## TASK DESCRIPTION
What is needed is an exact copy of the lines from the one containing "583 Donald Street Property Photo 43" through the last line of the entries below, both included.

/---

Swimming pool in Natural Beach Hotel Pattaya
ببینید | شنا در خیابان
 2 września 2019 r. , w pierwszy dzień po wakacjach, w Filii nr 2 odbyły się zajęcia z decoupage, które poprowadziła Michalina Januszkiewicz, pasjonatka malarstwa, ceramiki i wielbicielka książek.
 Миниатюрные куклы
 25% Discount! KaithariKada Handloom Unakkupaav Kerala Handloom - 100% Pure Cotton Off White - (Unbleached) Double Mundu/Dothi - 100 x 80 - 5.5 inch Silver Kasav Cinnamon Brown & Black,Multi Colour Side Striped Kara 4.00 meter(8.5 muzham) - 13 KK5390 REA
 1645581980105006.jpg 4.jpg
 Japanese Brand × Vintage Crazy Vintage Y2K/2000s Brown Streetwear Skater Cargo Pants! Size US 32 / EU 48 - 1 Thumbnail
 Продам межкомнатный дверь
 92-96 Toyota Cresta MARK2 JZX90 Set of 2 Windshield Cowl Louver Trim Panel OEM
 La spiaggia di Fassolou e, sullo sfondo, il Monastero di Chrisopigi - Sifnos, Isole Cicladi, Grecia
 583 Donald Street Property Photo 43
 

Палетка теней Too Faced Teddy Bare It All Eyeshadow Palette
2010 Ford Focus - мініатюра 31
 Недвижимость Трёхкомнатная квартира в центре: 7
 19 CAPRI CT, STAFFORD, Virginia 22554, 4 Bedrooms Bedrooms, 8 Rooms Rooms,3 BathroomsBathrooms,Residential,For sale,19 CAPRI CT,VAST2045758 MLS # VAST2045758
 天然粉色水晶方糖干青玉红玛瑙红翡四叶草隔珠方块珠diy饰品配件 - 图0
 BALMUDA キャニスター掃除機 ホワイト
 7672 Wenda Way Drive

\---

## RESPONSE TO THIS EXERCISE
 583 Donald Street Property Photo 43
 

Палетка теней Too Faced Teddy Bare It All Eyeshadow Palette
2010 Ford Focus - мініатюра 31
 Недвижимость Трёхкомнатная квартира в центре: 7
 19 CAPRI CT, STAFFORD, Virginia 22554, 4 Bedrooms Bedrooms, 8 Rooms Rooms,3 BathroomsBathrooms,Residential,For sale,19 CAPRI CT,VAST2045758 MLS # VAST2045758
 天然粉色水晶方糖干青玉红玛瑙红翡四叶草隔珠方块珠diy饰品配件 - 图0
 BALMUDA キャニスター掃除機 ホワイト
 7672 Wenda Way Drive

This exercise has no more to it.